━━━ RECORDS SUPPLIED

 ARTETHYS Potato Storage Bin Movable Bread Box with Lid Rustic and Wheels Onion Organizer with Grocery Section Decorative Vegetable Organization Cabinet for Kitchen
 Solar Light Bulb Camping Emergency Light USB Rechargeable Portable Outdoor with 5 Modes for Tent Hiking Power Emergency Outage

━━━━━━
━━━ RECORDS SUPPLIED

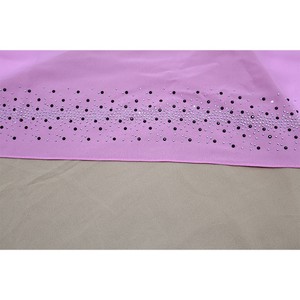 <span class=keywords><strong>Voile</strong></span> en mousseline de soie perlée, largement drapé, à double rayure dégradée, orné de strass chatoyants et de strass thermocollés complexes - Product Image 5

━━━━━━
━━━ RECORDS SUPPLIED

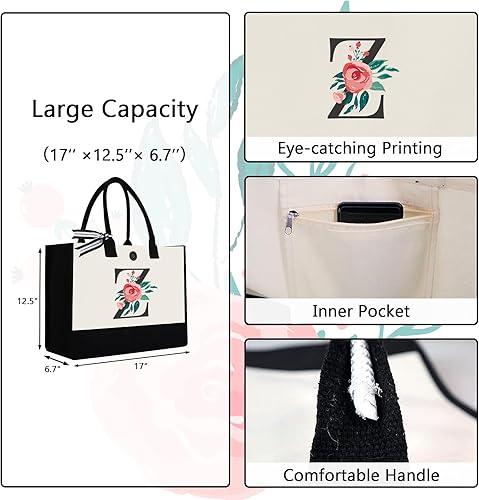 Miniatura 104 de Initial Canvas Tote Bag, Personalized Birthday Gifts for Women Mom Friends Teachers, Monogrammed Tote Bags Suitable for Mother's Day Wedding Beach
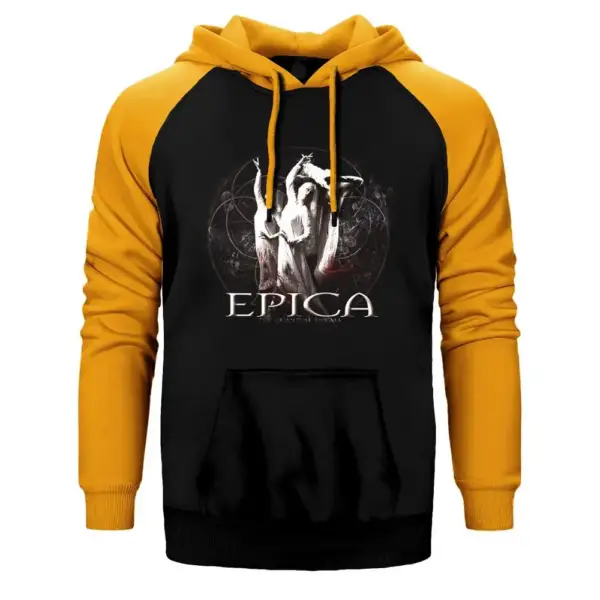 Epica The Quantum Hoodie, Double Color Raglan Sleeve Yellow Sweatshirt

━━━━━━

> **WORK REQUEST**
Print, exactly and with no pictures, the lines of the listing above starting at the one that has "Miniatura 104 de" and ending at the one that has "Epica The Quantum", both included.

> **EXERCISE RESPONSE**
 Miniatura 104 de Initial Canvas Tote Bag, Personalized Birthday Gifts for Women Mom Friends Teachers, Monogrammed Tote Bags Suitable for Mother's Day Wedding Beach
 Epica The Quantum Hoodie, Double Color Raglan Sleeve Yellow Sweatshirt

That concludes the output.